There’s a whole bunch of unanswered questions, some of which would be markedly advanced by waiting three or four years,” Harry Swain told DeSmog Canada. “And you’d still be within the period of time, even by Hydro’s bullish forecasts, when you’re going to need the juice.”


You shouldn’t take decisions before you need to,” Swain said. “That means you’ll have much more information when you finally have to take a decision. Building electricity facilities in advance of need only costs money.”

The panel’s report predicted that in the first four years of production, the Site C dam would lose at least $800 million because BC Hydro would generate more power than the province needs at a cost of $100 per megawatt hour — when the market price for that power is currently $30 per megawatt hour.

Wisdom would have been waiting for two, three, four years to see whether the projections they were making had any basis in fact,” Swain said. “And they would have been able to make a better-informed decision and not necessarily a more expensive one.”

In its report, the panel wrote that it couldn’t conclude that the power from Site C was needed on the schedule presented, adding: “Justification must rest on an unambiguous need for the power and analyses showing its financial costs being sufficiently attractive as to make tolerable the bearing of substantial environmental, social and other costs.”

Some of the questions that still need to be answered, according to Swain, include the real cost and availability of alternatives, how B.C. should use its Columbia River rights, how British Columbians will react to increased electricity prices (which could decrease demand) and how the province’s liquefied natural gas industry will develop.”
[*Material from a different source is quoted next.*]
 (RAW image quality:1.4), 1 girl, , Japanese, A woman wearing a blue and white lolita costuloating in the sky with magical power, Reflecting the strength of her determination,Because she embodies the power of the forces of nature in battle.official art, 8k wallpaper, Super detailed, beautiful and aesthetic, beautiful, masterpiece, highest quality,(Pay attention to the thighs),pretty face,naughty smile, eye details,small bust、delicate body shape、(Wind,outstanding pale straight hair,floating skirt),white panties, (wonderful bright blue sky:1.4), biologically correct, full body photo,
That interview is a must read and you can read part 1 here: http://www.desmog.ca/2015/03/10/exclusive-b-c-government-should-have-deferred-site-c-dam-decision-chair-joint-review-panel

And part 2 here: http://www.desmog.ca/2015/03/11/dereliction-duty-chair-site-c-panel-b-c-s-failure-investigate-alternatives-mega-dam

This matters.

Homes are going to be flooded,some that have been farmed and owned by three generations of the same family.They are harvesting  musk melons right now – this is fertile land, ready for crops and in this day and age the government should be promoting it, not trying to flood it.

The valley and river is also used by many including Treaty 8 First Nations, for hunting and fishing – it is their land, through history and through treaty rights.  It has archaeological significance. Even the BC government Parks has designated the Peace River as one of its Heritage Rivers,extensively sharing how unique and diverse the river below the other two dams really is: http://www.env.gov.bc.ca/bcparks/heritage_rivers_program/bc_rivers/peace_river.html

site C heritage river

It really matters that when the province or a crown corporation undertakes any big project, they ensure every check and balance is done and that has not been the case with Site C. And while this time it is Site C being rammed through, next time it might be a project that impacts your life more directly.

So, when I see news reports with BC Hydro warning that costs will increase by $500 million if work is halted, I see a scare tactic designed to sway the public into pressing for this project to move ahead.

What should be said is that not building it will save taxpayers far more than $8.5 billion dollar cost of construction… but also the  potential yearly loss of $800 million because the cost to produce the energy is more than current rates. Our hydro bills would likely go up.

It’s just wrong on so many levels. I urge everyone to write the premier and every Liberal MLA and demand this project be put before the BC Utilities Commission for the full review it should have had in the first place.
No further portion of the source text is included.